The cancer interest started in research labs. Scientists studying ivermectin’s effects noticed it could kill cancer cells in petri dishes – through mechanisms completely unrelated to its antiparasitic action. That was interesting enough to publish, and papers started accumulating.

Then two things happened that turned a niche research topic into a cultural phenomenon.

First, a man called Joe Tippens went public with his story. Diagnosed with small cell lung cancer in 2016, he began taking fenbendazole – a related antiparasitic drug, but one designed for dogs – alongside supplements. His cancer went into remission. The story went viral, particularly in South Korea, and spawned the “Joe Tippens Protocol.”

Here’s the critical detail most fenbendazole content leaves out: Tippens was simultaneously enrolled in a clinical trial for Keytruda (pembrolizumab), a PD-L1 checkpoint inhibitor immunotherapy. Keytruda is known to produce complete responses in some patients. His remission cannot be attributed to fenbendazole alone. This is a single case, not evidence.

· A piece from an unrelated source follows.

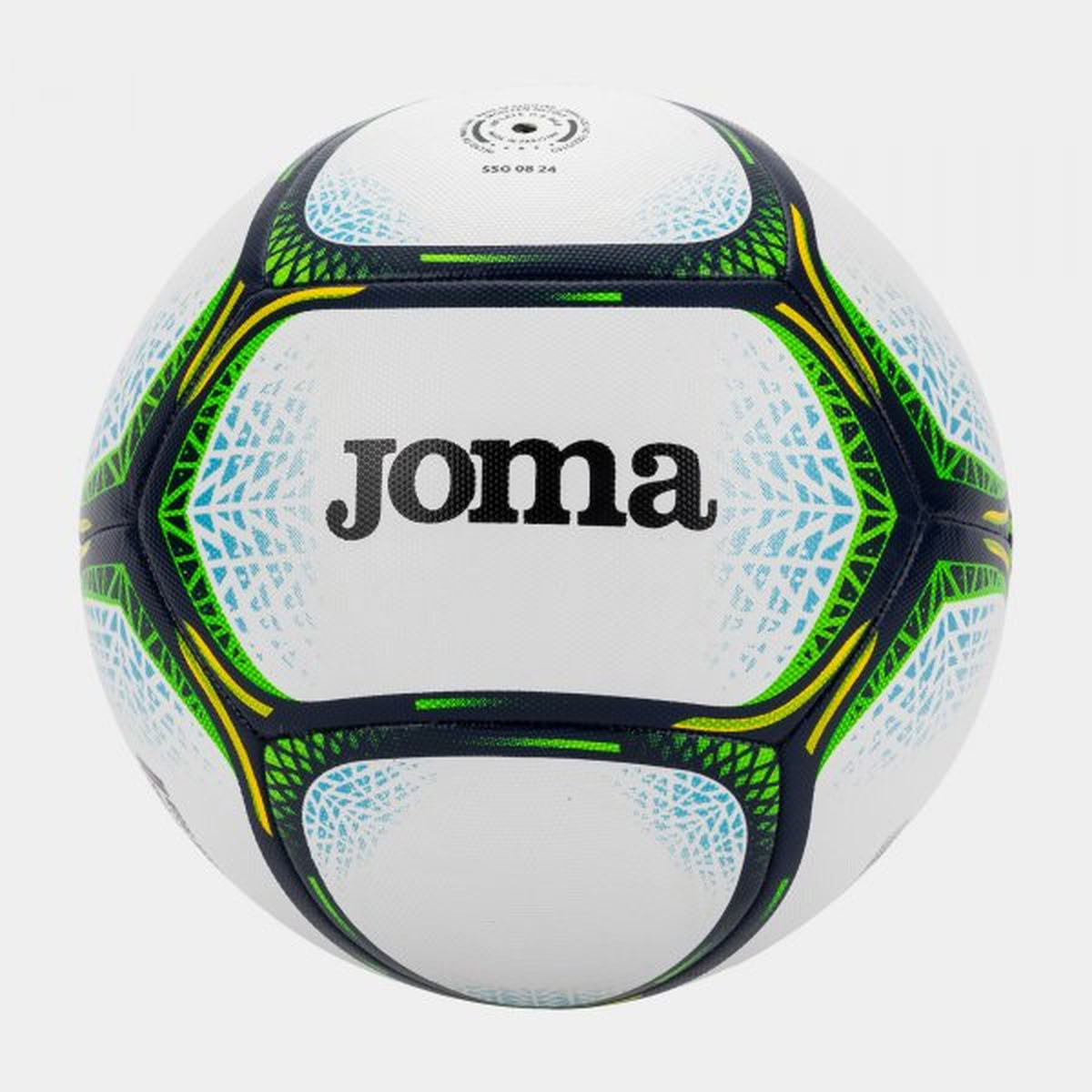 JOMA PALLONE GRAFITY III BIANCO/DARK NAVY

Second, COVID happened. Ivermectin became a political flashpoint, and the polarisation made it nearly impossible to discuss the drug rationally for any purpose. That polarisation still clouds the cancer conversation today. Mainstream media often treats ivermectin as inherently suspect. Proponents treat scepticism as conspiracy. Neither helps patients trying to make informed decisions.

I have no political position on ivermectin. I have a cancer. And ivermectin is one of several antiparasitics I use as part of my Stage IV protocol – alongside mebendazole and fenbendazole, rotated in blocks following Jane McLelland’s Metro Map framework. So this isn’t abstract for me.

Jane’s book (available on Amazon) fundamentally changed how I viewed cancer.

What the Laboratory Evidence Says

The preclinical research is genuinely interesting. Not “cure for cancer” interesting – but “this warrants proper investigation” interesting. Dr William Makis, a Canadian nuclear medicine physician, has catalogued at least 15 distinct anti-cancer mechanisms from the published literature. I’ll cover the six I consider most significant.

1. Autophagy Induction (PAK1/Akt/mTOR Pathway)

Ivermectin promotes degradation of a protein called PAK1, which blocks the Akt/mTOR signalling cascade. The result: cancer cells undergo excessive self-digestion (autophagy) beyond their survival capacity. Crucially, this preferentially affects cancer cells while largely sparing healthy tissue (Dou et al., Cancer Research, 2016).

2. WNT/Beta-Catenin Pathway Inhibition

The WNT pathway is overactive in many cancers, especially colorectal, breast, and lung. Ivermectin blocks WNT-TCF signalling, reducing cancer cell proliferation and suppressing a process called epithelial-to-mesenchymal transition (EMT) – which is how cancer cells learn to spread (Melotti et al., EMBO Molecular Medicine, 2014; Jiang et al., American Journal of Cancer Research, 2022).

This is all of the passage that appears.